Festival Sur le Niger: Perayaan Budaya dengan Makna Politik Baru di Segou, Mali
FeatureNewsHot
Redaktur: Redaksi

Salah satu lukisan di Festival Sur le Niger. Foto : Reuters

Segou, tvrijakartanews – Festival Sur le Niger, yang digelar setiap tahun di tepi Sungai Niger, selalu dikenal sebagai sebuah perayaan besar untuk musik, seni, teater, dan tarian Mali. Namun, pada tahun 2025, festival ini membawa makna yang lebih dalam dan signifikan seiring dengan perubahan politik yang tengah terjadi di Mali dan negara-negara sekitarnya.

Acara tahunan yang biasanya menjadi ajang untuk merayakan keberagaman budaya Mali ini, kali ini menjadi simbol persatuan di tengah ketegangan yang terjadi di Afrika Barat. Perayaan ini berlangsung hanya beberapa hari setelah negara-negara seperti Mali, Burkina Faso, dan Niger resmi keluar dari blok politik dan ekonomi ECOWAS (Komunitas Ekonomi Negara-Negara Afrika Barat). Langkah tersebut mengikuti tekanan yang terjadi selama bertahun-tahun terhadap pemerintah militer untuk kembali ke pemerintahan demokratis. Setelah keluar dari ECOWAS, ketiga negara ini membentuk Aliansi Negara-Negara Sahel (AES).

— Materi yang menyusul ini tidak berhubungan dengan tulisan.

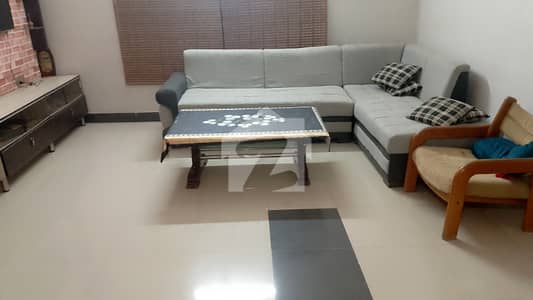 240 Sq House For Sale Model Colony Karachi Pakistan Nice Location Lease NOC Available 240 Sq House For Sale Model Colony Karachi Pakistan Nice Location Lease NOC Available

Dengan latar belakang perubahan politik yang begitu besar, tema Festival Sur le Niger kali ini adalah "Minggu Persaudaraan AES", yang mencerminkan semangat persatuan dan kerjasama di tengah tantangan regional. Di area festival, potret pemimpin militer dari Mali, Burkina Faso, dan Niger terpajang bersama dengan pertunjukan seni yang berwarna-warni, menciptakan kontras yang mencolok antara politik dan budaya.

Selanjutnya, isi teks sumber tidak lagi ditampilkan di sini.